Sumber: Reuters | Editor: Barratut Taqiyyah Rafie
KONTAN.CO.ID - KAIRO/YERUSALEM. Perdana Menteri Israel Benjamin Netanyahu menyatakan pada hari Selasa (11/2/2025) bahwa gencatan senjata di Gaza akan berakhir dan militer akan melanjutkan pertempuran melawan Hamas hingga dikalahkan jika kelompok militan Palestina itu tidak membebaskan sandera pada tengah hari Sabtu (15/2/2025).
Melansir Reuters, menyusul ultimatum Netanyahu, Hamas mengeluarkan pernyataan yang memperbarui komitmennya terhadap gencatan senjata dan menuduh Israel membahayakan gencatan senjata.
Pengumuman Israel itu muncul setelah Netanyahu bertemu dengan beberapa menteri utama, termasuk pertahanan, urusan luar negeri, dan keamanan nasional, yang katanya memberikan dukungan penuh mereka terhadap ultimatum tersebut.
Setelah hampir 16 bulan berperang, Hamas secara bertahap telah membebaskan sandera sejak fase pertama gencatan senjata dimulai pada 19 Januari, tetapi pada hari Senin mengatakan tidak akan membebaskan lagi sampai ada pemberitahuan lebih lanjut atas tuduhan Israel melanggar kesepakatan.
"Jika Hamas tidak mengembalikan sandera kami pada Sabtu siang - gencatan senjata akan berakhir dan IDF (militer) akan kembali bertempur sengit sampai Hamas akhirnya dikalahkan," kata Netanyahu.
Baca Juga: Trump Ancam Hamas: Bebaskan Semua Sandera Sabtu Siang atau ‘Biarkan Neraka Pecah’
Tidak segera jelas apakah Netanyahu bermaksud Hamas harus membebaskan semua sandera yang ditahan di Gaza atau hanya tiga yang diharapkan akan dibebaskan pada hari Sabtu berdasarkan gencatan senjata.
Kantornya tidak segera menanggapi permintaan Reuters yang meminta komentar atas pernyataan perdana menteri tersebut.
Presiden AS Donald Trump, sekutu dekat Israel, mengatakan bahwa Hamas harus membebaskan semua sandera paling lambat Sabtu.
Perdana menteri juga mengatakan bahwa ia telah memerintahkan militer untuk mengumpulkan pasukan di dalam dan sekitar Gaza.

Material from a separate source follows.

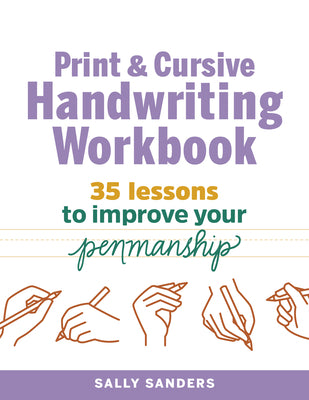 Cover Image for Print and Cursive Handwriting Workbook: 35 Lessons to Improve Your Penmanship -- Sally Sanders, Paperback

Militer mengumumkan segera setelah itu bahwa mereka akan mengerahkan pasukan tambahan ke selatan Israel termasuk mobilisasi pasukan cadangan.
Seorang pejabat Hamas sebelumnya mengatakan bahwa sandera Israel hanya dapat dibawa pulang jika gencatan senjata dihormati.
Dia menepis "bahasa ancaman" setelah Trump mengatakan ia akan membiarkan kekacauan terjadi jika mereka tidak dibebaskan.
"Trump harus ingat bahwa ada kesepakatan yang harus dihormati oleh kedua belah pihak, dan ini adalah satu-satunya cara untuk membawa kembali para tahanan (Israel)," kata pejabat senior Hamas Sami Abu Zuhri kepada Reuters.
Hamas mengatakan Israel telah melanggar gencatan senjata dengan beberapa penembakan mematikan serta dengan menahan beberapa pengiriman bantuan dan menghalangi kembalinya warga Gaza ke wilayah utara jalur tersebut.
Israel membantah menahan bantuan dan mengatakan telah menembaki orang-orang yang mengabaikan peringatan untuk tidak mendekati pasukan Israel.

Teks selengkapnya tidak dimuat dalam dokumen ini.